##### Data to process

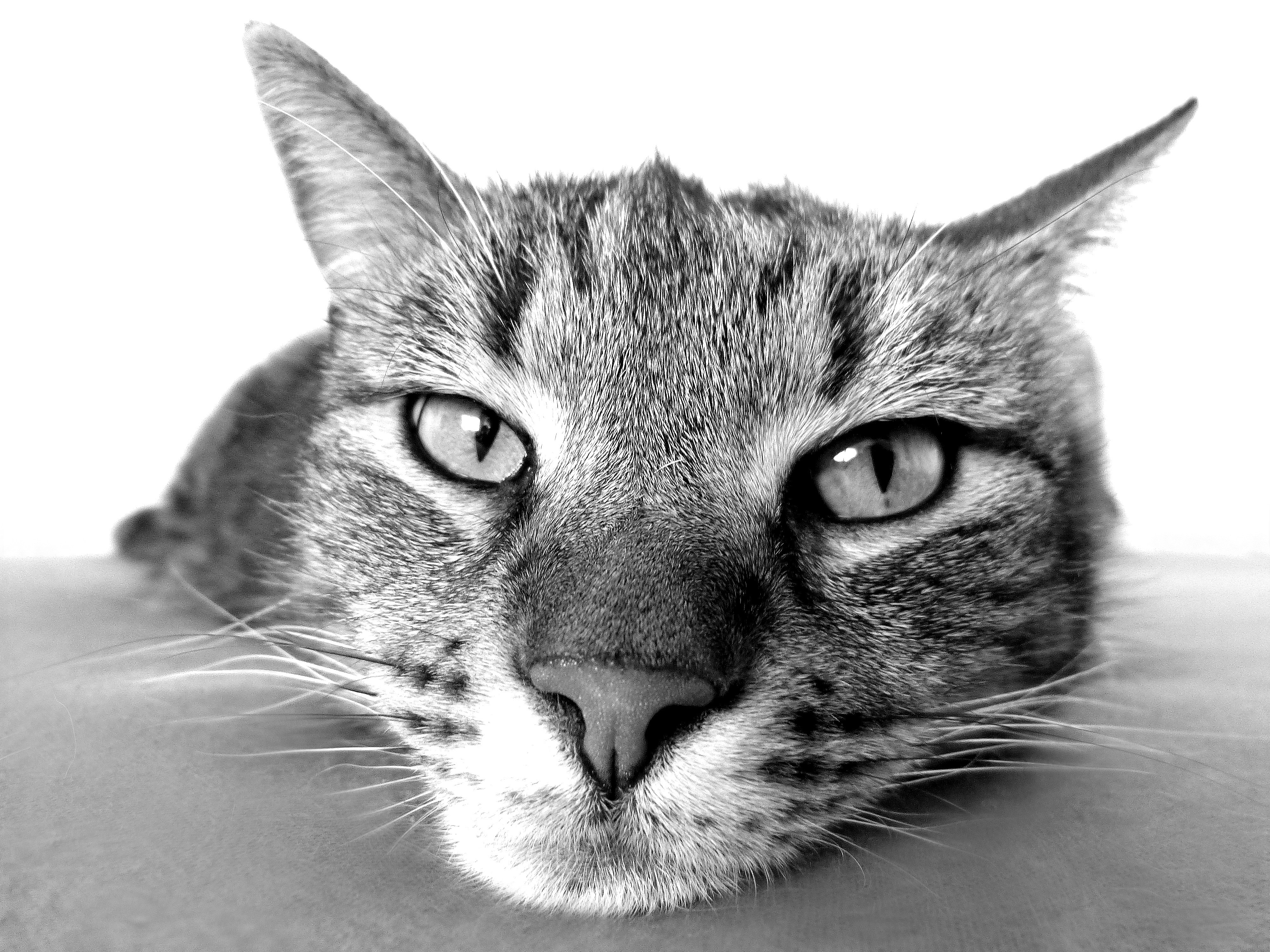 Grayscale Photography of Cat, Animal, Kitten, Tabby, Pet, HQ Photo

##########
##### Data to process

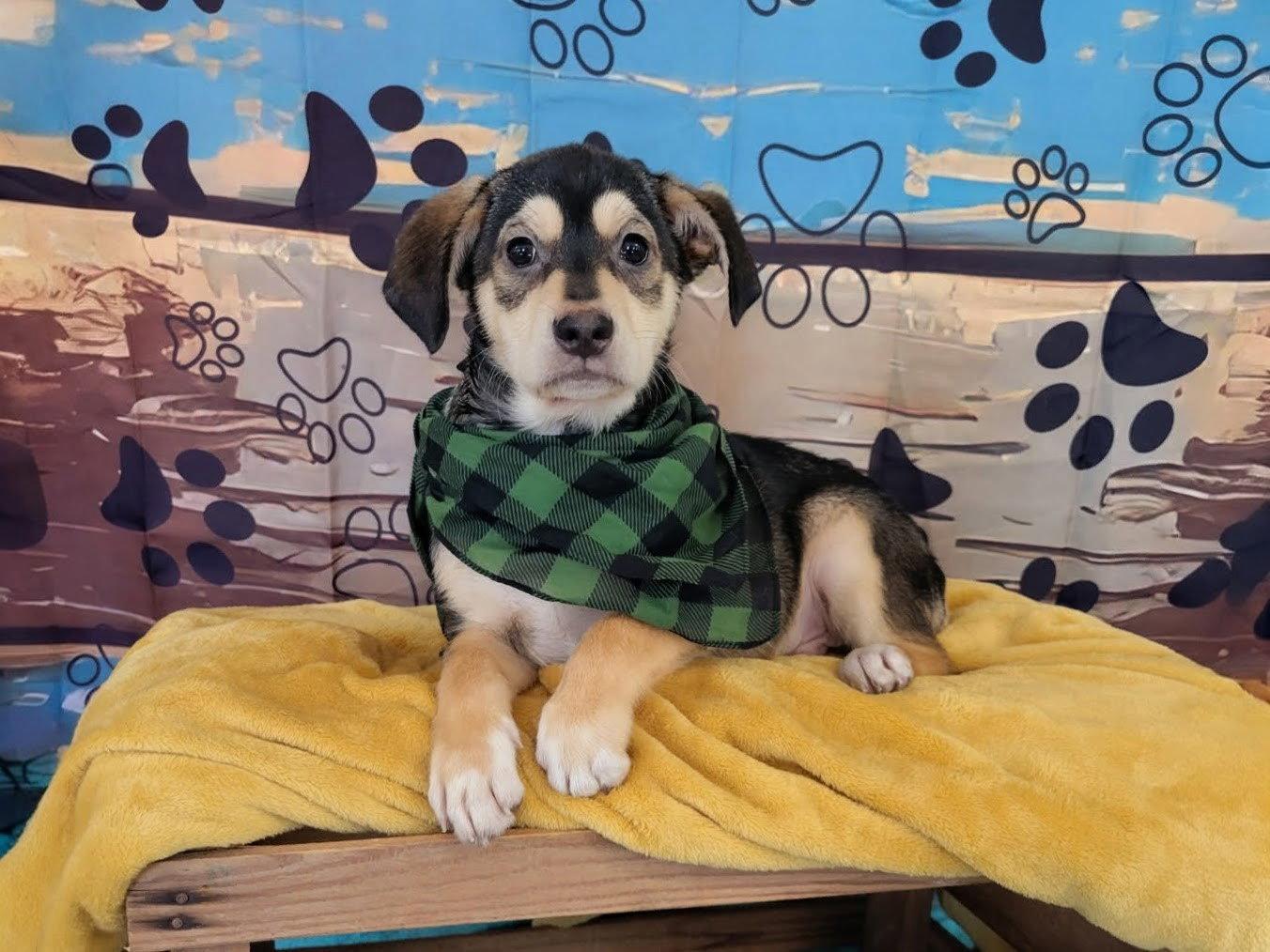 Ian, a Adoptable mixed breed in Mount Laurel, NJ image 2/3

##########
##### Data to process

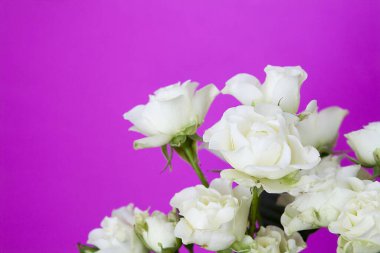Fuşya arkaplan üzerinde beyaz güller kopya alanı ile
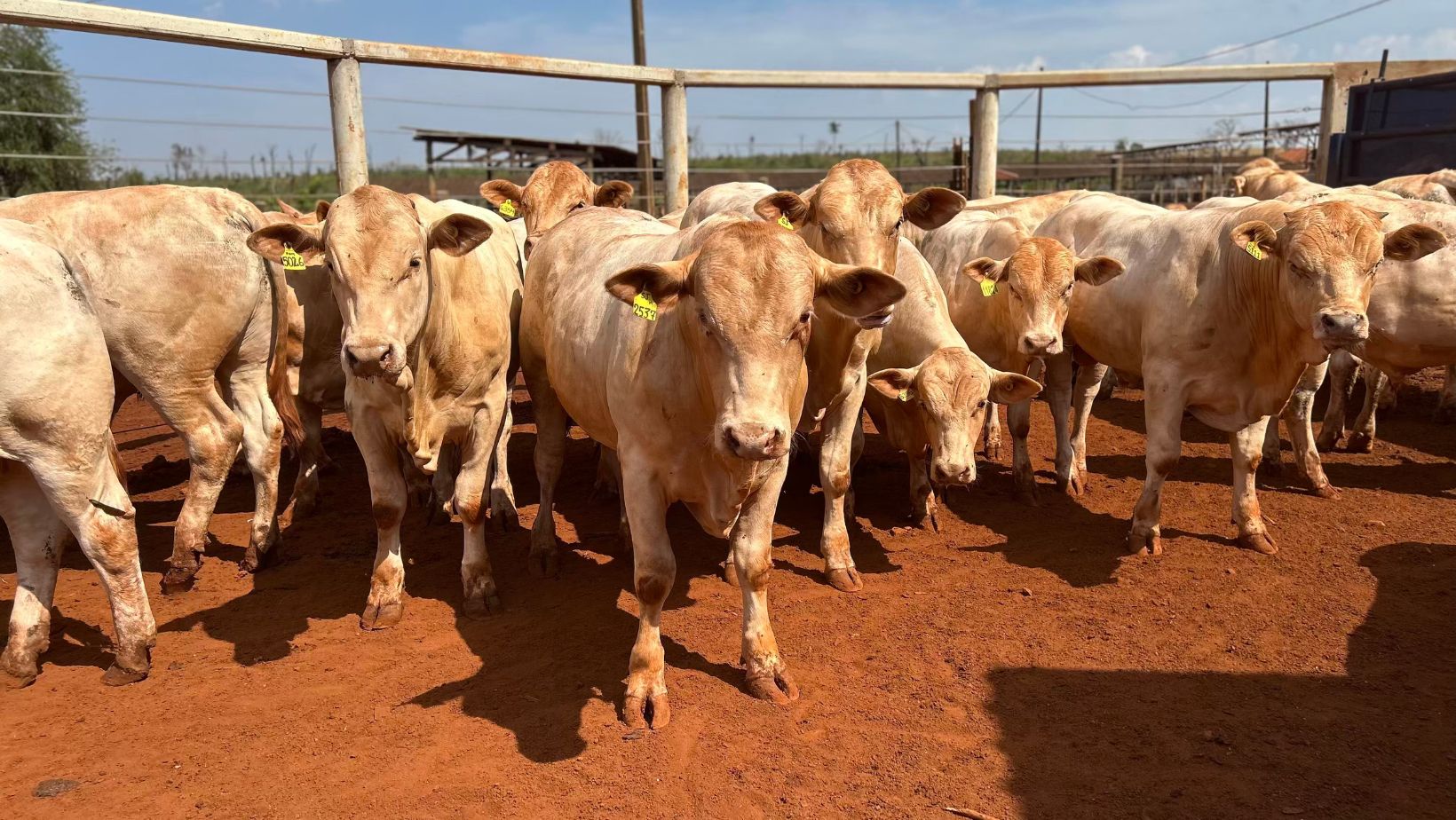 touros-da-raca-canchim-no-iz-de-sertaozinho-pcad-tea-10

##########

* _Assignment_
If a picture sits between the line containing "Fuşya arkaplan üzerinde" and the line containing "touros-da-raca-canchim-no-iz-de-sertaozinho-pcad-tea-10", leave it out, and return the lines of that range above exactly, both ends included.

* _Finished task_
Fuşya arkaplan üzerinde beyaz güller kopya alanı ile
 touros-da-raca-canchim-no-iz-de-sertaozinho-pcad-tea-10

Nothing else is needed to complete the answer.